We have initialized our random number generator to ensure our results are reproducible and loaded our data. We are now ready to define our neural network model.

Keras Dense Neural Network

Models in Keras are defined as a sequence of layers. We create a Sequential model and add layers one at a time until we are happy with our network topology. The first thing to get right is to ensure the input layer has the right number of inputs. This can be specified when creating the first layer with the input_dim argument and setting it to $8$ for the $8$ input variables.

How do we know the number of layers and their types?

This is a very hard question. There are heuristics that we can use and often the best network structure is found through a process of trial and error experimentation. Generally, you need a network large enough to capture the structure of the problem if that helps at all. In this example, we will use a fully-connected network structure with three layers.

            
# Create your first MLP in Keras
from keras.models import Sequential
from keras.layers import Dense
# create model
model = Sequential()
model.add(Dense(12, input_dim=8, activation='relu'))
model.add(Dense(8, activation='relu'))
model.add(Dense(1, activation='sigmoid'))
        
    

As we can see, the fully connected layers are defined using the Dense class:

We can specify the number of neurons in the layer as the first argument, the initialization method as the second argument as init and specify the activation function using the activation argument.
In this case, we initialize the network weights to a small random number generated from a uniform distribution (‘uniform‘). In this case between 0 and 0.05 because that is the default uniform weight initialization in Keras.
Another traditional alternative would be ‘normal’ for small random numbers generated from a Gaussian distribution.
We will use the rectifier (‘relu‘) activation function on the first two layers and the sigmoid function in the output layer. It used to be the case that sigmoid and tanh activation functions were preferred for all layers.
These days, better performance is achieved using the rectifier activation function. We use a sigmoid on the output layer to ensure our network output is between 0 and 1 and easy to map to either a probability of class $1$ or snap to a hard classification of either class with a default threshold of $0.5$.
We can piece it all together by adding each layer. The first layer has $12$ neurons and expects $8$ input variables. The second hidden layer has $8$ neurons and finally, the output layer has $1$ neuron to predict the class (onset of diabetes or not).
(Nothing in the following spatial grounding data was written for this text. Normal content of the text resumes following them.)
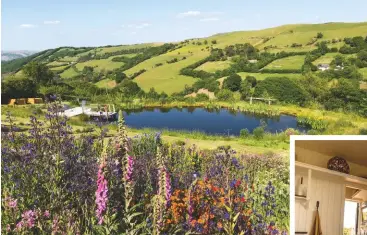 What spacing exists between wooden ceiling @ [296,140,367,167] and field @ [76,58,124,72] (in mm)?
2705

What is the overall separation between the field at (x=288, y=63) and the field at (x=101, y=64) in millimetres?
2171

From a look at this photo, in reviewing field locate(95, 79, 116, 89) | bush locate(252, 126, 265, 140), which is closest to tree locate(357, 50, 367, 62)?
bush locate(252, 126, 265, 140)

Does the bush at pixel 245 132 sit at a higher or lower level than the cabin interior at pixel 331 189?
higher

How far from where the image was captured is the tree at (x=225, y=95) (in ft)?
20.8

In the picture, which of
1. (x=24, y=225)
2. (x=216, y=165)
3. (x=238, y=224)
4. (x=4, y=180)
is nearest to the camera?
(x=24, y=225)

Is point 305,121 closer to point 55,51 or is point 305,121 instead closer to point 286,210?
point 286,210

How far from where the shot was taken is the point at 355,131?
6371mm

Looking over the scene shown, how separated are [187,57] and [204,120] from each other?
932 millimetres

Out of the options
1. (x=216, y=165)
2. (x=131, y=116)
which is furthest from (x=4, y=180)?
(x=216, y=165)

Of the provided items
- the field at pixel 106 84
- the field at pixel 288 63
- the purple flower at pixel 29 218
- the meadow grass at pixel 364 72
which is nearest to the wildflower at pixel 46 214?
the purple flower at pixel 29 218

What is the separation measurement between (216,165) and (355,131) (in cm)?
199

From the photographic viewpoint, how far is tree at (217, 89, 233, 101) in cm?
635

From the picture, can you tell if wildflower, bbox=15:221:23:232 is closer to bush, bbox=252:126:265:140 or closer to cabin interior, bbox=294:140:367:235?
cabin interior, bbox=294:140:367:235

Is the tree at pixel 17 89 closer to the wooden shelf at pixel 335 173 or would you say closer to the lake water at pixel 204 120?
the lake water at pixel 204 120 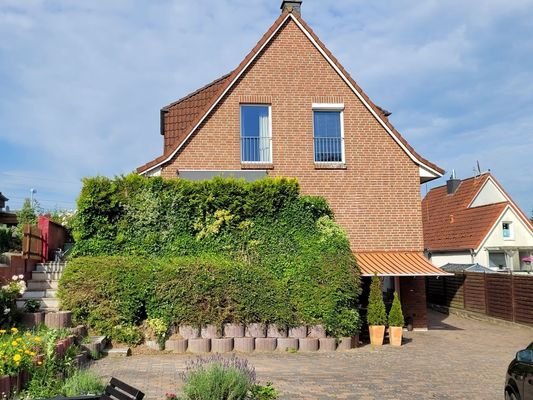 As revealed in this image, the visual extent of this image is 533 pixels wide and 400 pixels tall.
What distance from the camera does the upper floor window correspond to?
1930 cm

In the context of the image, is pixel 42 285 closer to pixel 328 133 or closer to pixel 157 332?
pixel 157 332

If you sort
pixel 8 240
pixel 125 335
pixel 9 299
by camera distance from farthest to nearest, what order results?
pixel 8 240 < pixel 125 335 < pixel 9 299

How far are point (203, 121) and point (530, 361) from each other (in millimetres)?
14245

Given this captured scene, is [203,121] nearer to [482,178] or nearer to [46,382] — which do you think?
[46,382]

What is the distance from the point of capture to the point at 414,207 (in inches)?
771

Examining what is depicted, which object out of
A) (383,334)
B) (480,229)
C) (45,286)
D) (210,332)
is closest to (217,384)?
(210,332)

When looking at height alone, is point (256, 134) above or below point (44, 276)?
above

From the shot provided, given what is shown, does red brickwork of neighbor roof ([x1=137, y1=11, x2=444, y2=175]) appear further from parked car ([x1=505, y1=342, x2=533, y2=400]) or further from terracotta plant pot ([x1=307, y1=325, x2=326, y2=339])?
parked car ([x1=505, y1=342, x2=533, y2=400])

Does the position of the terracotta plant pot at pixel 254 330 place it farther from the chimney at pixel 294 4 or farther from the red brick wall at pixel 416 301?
the chimney at pixel 294 4

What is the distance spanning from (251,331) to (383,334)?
4233 mm

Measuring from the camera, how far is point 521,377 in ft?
23.2

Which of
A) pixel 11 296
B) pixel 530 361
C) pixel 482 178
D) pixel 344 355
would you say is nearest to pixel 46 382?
pixel 11 296

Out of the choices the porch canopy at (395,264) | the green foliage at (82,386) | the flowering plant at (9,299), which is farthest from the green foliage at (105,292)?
the porch canopy at (395,264)

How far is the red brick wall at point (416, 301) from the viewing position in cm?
1948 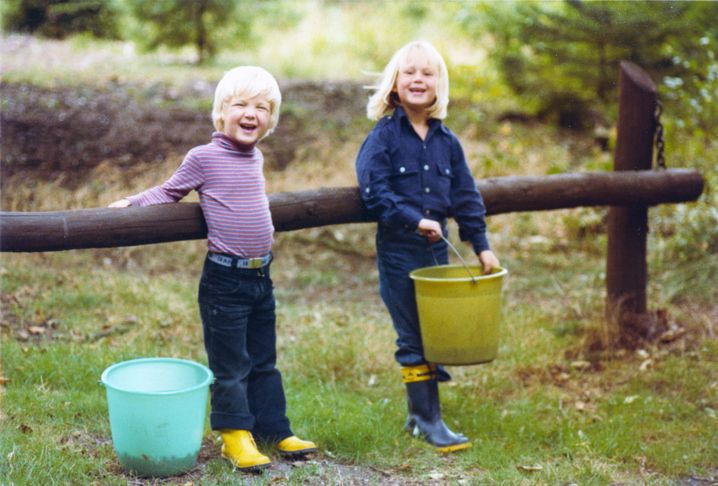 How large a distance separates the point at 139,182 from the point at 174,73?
13.0 feet

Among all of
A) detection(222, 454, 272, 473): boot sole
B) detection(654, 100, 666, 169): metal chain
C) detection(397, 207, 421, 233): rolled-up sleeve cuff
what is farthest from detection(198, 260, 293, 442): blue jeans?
detection(654, 100, 666, 169): metal chain

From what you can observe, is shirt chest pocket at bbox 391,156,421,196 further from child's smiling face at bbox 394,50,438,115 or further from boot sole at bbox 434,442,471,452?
boot sole at bbox 434,442,471,452

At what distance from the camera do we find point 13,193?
18.1ft

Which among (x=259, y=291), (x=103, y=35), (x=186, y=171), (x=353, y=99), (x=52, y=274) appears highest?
(x=103, y=35)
The model is now defined. We can compile it. Compiling the model uses the efficient numerical libraries under the covers (the so-called backend) such as Theano or TensorFlow. The backend automatically chooses the best way to represent the network for training and making predictions to run on your hardware, such as CPU or GPU or even distributed. When compiling, we must specify some additional properties required when training the network. Remember training a network means finding the best set of weights to make predictions for this problem.
We must specify:

the loss function to use to evaluate a set of weights,
the optimizer used to search through different weights for the network and any optional metrics we would like to collect and report during training.

            
# Compile model
model.compile(loss='binary_crossentropy', optimizer='adam', metrics=['accuracy'])

In this case, we will use logarithmic loss, which for a binary classification problem is defined in Keras as binary_crossentropy. We will also use the efficient gradient descent algorithm adam for no other reason that it is an efficient default. You can learn more about the Adam optimization algorithm (see references). Finally, because it is a classification problem, we will collect and report the classification accuracy as the metric. We have defined our model and compiled it ready for efficient computation. Now it is time to execute the model on some data. We can train or fit our model on our loaded data by calling the fit() function on the model.

            
# Fit the model
model.fit(X, Y, epochs=150, batch_size=10)

This is where the work happens on your CPU or GPU.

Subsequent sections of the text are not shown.